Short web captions
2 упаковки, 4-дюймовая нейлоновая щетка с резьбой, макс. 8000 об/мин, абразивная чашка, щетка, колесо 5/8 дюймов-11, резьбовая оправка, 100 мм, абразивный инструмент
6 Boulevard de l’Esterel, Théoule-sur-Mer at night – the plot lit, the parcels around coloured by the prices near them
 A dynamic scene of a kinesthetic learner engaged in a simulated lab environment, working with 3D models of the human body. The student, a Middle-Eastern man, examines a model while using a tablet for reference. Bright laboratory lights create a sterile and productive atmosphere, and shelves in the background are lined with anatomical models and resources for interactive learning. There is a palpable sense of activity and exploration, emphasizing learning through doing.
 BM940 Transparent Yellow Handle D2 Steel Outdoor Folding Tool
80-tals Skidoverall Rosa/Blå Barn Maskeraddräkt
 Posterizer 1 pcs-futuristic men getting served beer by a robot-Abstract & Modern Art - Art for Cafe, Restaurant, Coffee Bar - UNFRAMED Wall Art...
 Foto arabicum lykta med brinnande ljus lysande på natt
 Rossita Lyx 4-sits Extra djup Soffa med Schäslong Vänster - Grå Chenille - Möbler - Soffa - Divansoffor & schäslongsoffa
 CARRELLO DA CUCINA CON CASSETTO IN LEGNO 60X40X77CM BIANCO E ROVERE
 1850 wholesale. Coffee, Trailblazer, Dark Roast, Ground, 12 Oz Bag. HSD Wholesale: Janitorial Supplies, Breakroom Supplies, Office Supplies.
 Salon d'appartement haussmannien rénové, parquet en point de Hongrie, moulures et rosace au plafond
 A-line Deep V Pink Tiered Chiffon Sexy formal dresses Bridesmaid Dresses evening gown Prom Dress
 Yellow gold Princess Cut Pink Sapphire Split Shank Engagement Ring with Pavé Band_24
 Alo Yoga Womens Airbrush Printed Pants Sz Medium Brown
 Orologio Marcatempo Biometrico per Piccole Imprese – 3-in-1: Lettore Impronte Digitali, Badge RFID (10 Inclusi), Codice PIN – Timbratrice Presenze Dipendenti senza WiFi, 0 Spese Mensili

What is being asked
Each record must be returned exactly as it is written.

Answer to this problem
2 упаковки, 4-дюймовая нейлоновая щетка с резьбой, макс. 8000 об/мин, абразивная чашка, щетка, колесо 5/8 дюймов-11, резьбовая оправка, 100 мм, абразивный инструмент
6 Boulevard de l’Esterel, Théoule-sur-Mer at night – the plot lit, the parcels around coloured by the prices near them
 A dynamic scene of a kinesthetic learner engaged in a simulated lab environment, working with 3D models of the human body. The student, a Middle-Eastern man, examines a model while using a tablet for reference. Bright laboratory lights create a sterile and productive atmosphere, and shelves in the background are lined with anatomical models and resources for interactive learning. There is a palpable sense of activity and exploration, emphasizing learning through doing.
 BM940 Transparent Yellow Handle D2 Steel Outdoor Folding Tool
80-tals Skidoverall Rosa/Blå Barn Maskeraddräkt
 Posterizer 1 pcs-futuristic men getting served beer by a robot-Abstract & Modern Art - Art for Cafe, Restaurant, Coffee Bar - UNFRAMED Wall Art...
 Foto arabicum lykta med brinnande ljus lysande på natt
 Rossita Lyx 4-sits Extra djup Soffa med Schäslong Vänster - Grå Chenille - Möbler - Soffa - Divansoffor & schäslongsoffa
 CARRELLO DA CUCINA CON CASSETTO IN LEGNO 60X40X77CM BIANCO E ROVERE
 1850 wholesale. Coffee, Trailblazer, Dark Roast, Ground, 12 Oz Bag. HSD Wholesale: Janitorial Supplies, Breakroom Supplies, Office Supplies.
 Salon d'appartement haussmannien rénové, parquet en point de Hongrie, moulures et rosace au plafond
 A-line Deep V Pink Tiered Chiffon Sexy formal dresses Bridesmaid Dresses evening gown Prom Dress
 Yellow gold Princess Cut Pink Sapphire Split Shank Engagement Ring with Pavé Band_24
 Alo Yoga Womens Airbrush Printed Pants Sz Medium Brown
 Orologio Marcatempo Biometrico per Piccole Imprese – 3-in-1: Lettore Impronte Digitali, Badge RFID (10 Inclusi), Codice PIN – Timbratrice Presenze Dipendenti senza WiFi, 0 Spese Mensili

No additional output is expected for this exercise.